Task to carry out >>
Apart from the pictures, everything in the lines below must be printed exactly.

Data excerpt >>
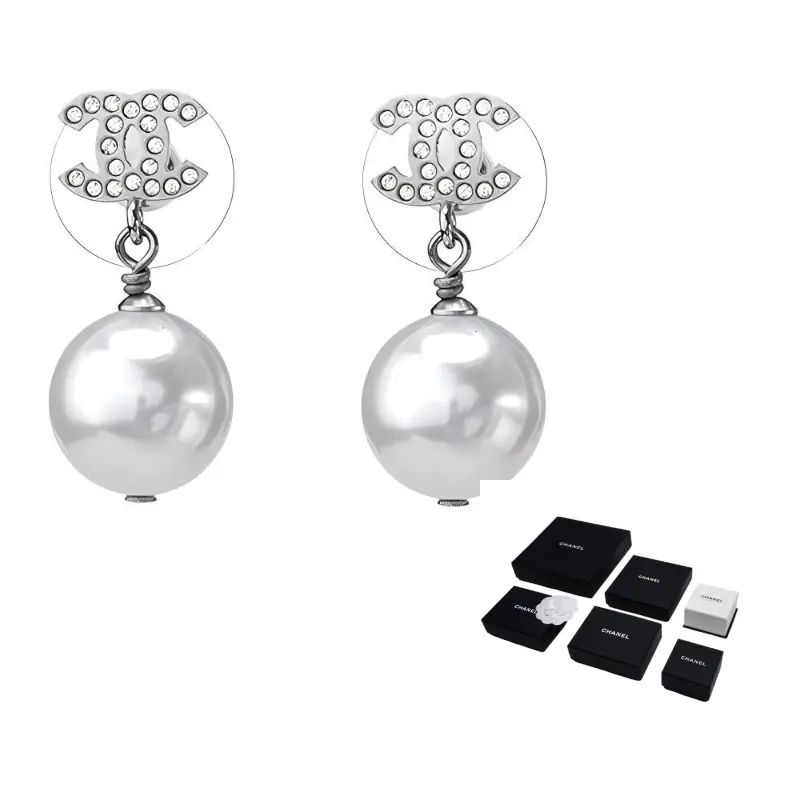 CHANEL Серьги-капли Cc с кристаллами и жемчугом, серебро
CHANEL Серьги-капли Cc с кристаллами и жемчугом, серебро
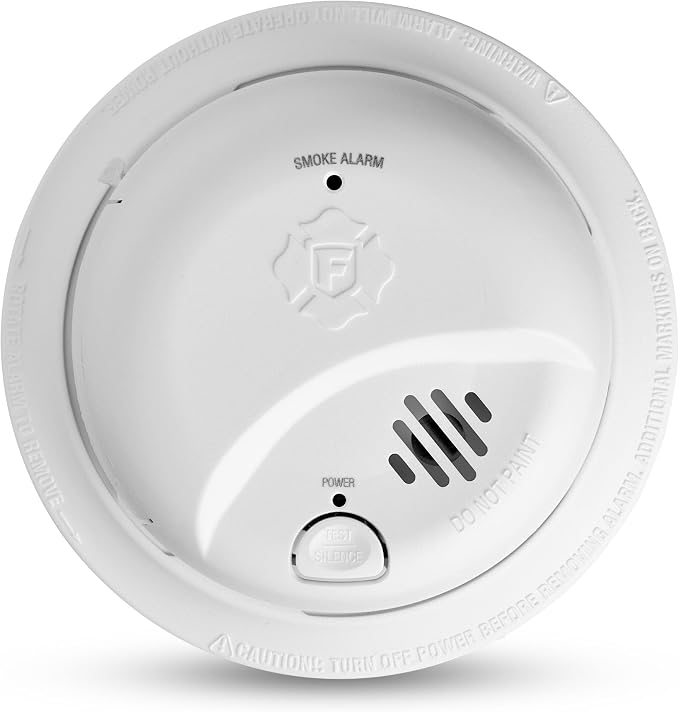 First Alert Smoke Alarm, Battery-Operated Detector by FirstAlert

Written response >>
 CHANEL Серьги-капли Cc с кристаллами и жемчугом, серебро
CHANEL Серьги-капли Cc с кристаллами и жемчугом, серебро
 First Alert Smoke Alarm, Battery-Operated Detector by FirstAlert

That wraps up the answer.